I believe we're all capable of cultivating laughter over our tragedies - with some time and space and the acceptance of reality of course. And while our timelines will vary given the circumstances and emotional nature of the humans involved, this is a powerful shift in our grieving experience. Suddenly, where there once was an edge, there is a softening. And while the laughter may come and go, nothing is truly linear I find, how lovely it is to find peace in the thoughts of somebody who is no longer.
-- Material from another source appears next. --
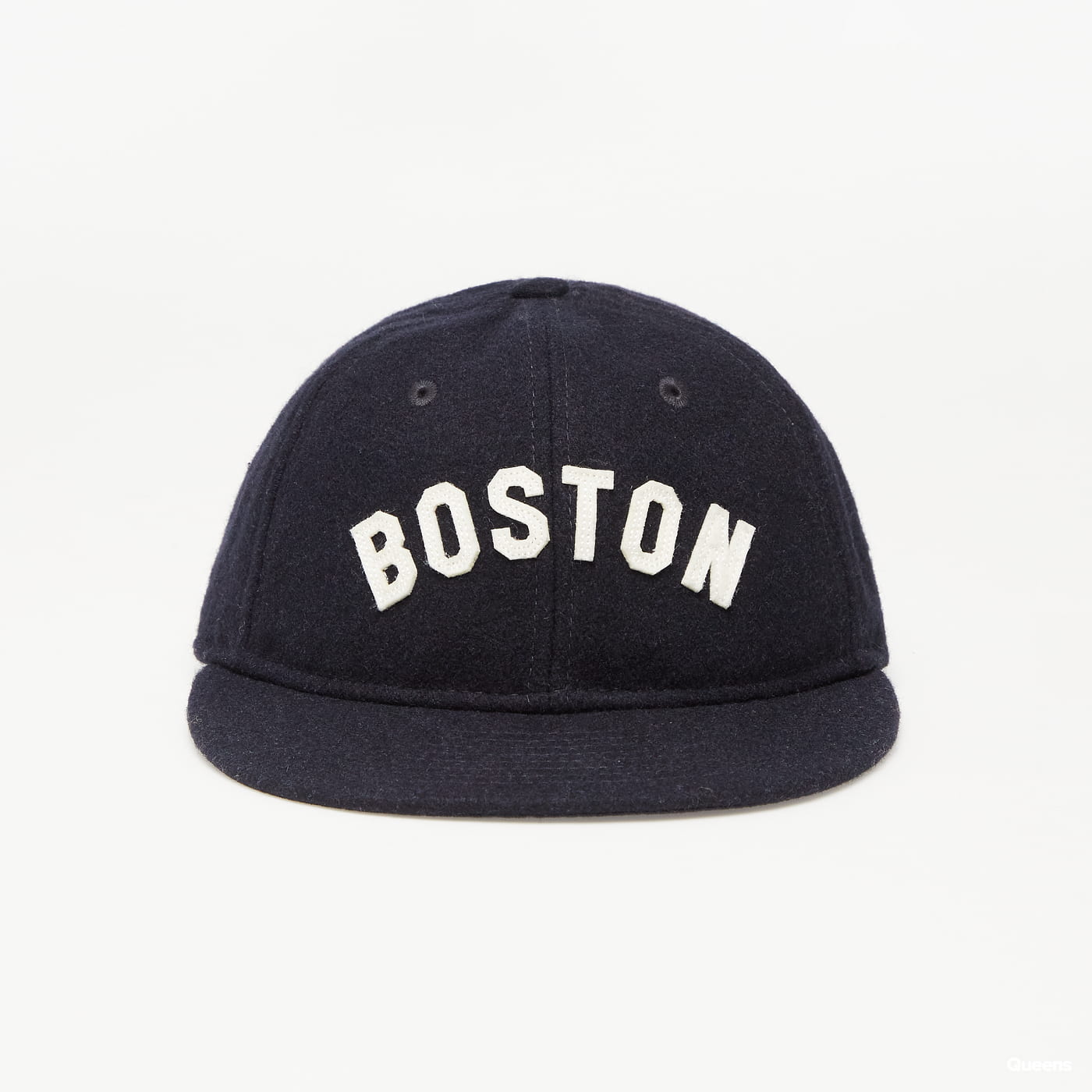 Шапка с козирка New Era 950 Boston Retro Crown Черно | 60081120, 0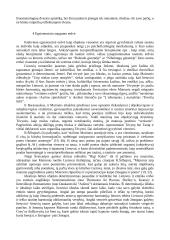 Romantizmas Lietuvoje ir pasaulyje 10 puslapis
For those of us who arrive at the laughter-after-or-even-during-a-tragedy, what we all have in common is we’ve allowed enough time for reality to set in, and once reality sets in I find you can more easily remove the personal aspect from the situation. The joke is no longer on you. No longer is the thought: Nichole overdosed and left me here to fend for myself as a 21 year old missing her best friend. With some time and space it became: I lost someone I loved, just like every other human on Earth will experience - how terribly sad and profound that is we humans must go through this.
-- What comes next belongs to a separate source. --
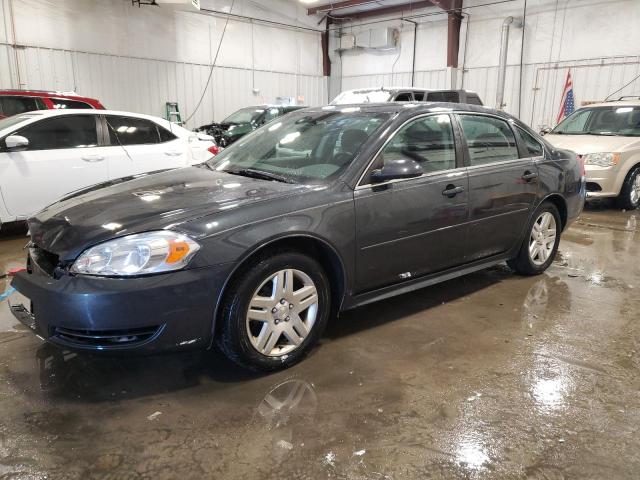 CHEVROLET IMPALA LIM 2014 with VIN 2G1WB5E33E1184326 - Photo from auction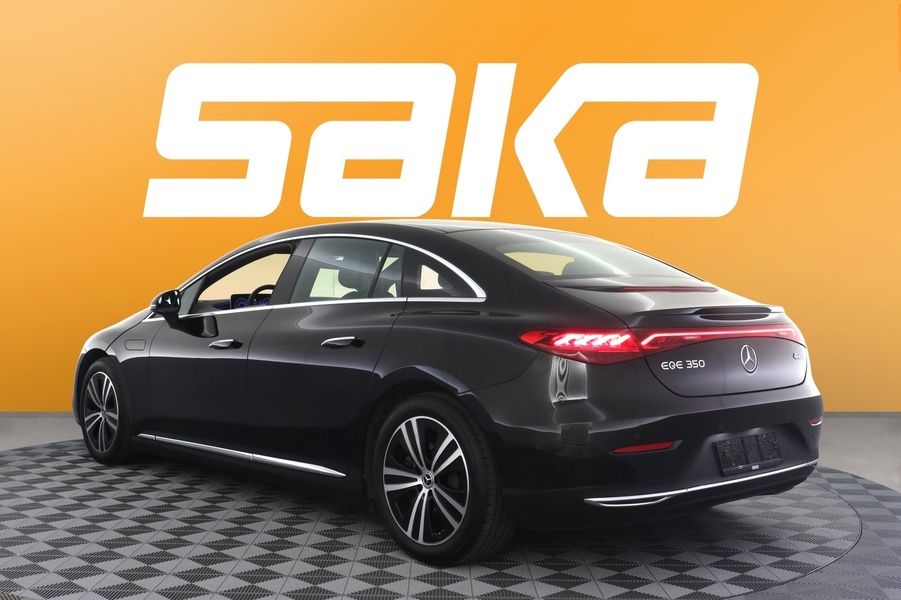 Mercedes-Benz EQE vaihtoauto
My friend's passing actually had very little to do with me at all, it just felt that way at the time. Which isn’t to say it's not a personal experience. It is. But I don’t have to take it personally anymore. But hey, this is just where I arrived. I’m not saying it’s right or wrong or good or bad. It’s just what is so for me. It doesn’t have to be what is so for you. Your pain is yours to keep or let go of.


I remember the father of Nichole told me after her passing that there is a hump, and you either get over the hump or you don’t. The following year his other daughter passed away from a drug overdose. This man lost two daughters to a hump named heroin. I imagine to this day this is still a deeply personal experience for him. I would never tell anyone they need to stop grieving or learn to laugh on any timeline - it is up to us to determine these things for ourselves. I've only recently become aware of my pain-holding/accepting-reality timeline, ironically, through my relationship of how I avoid it.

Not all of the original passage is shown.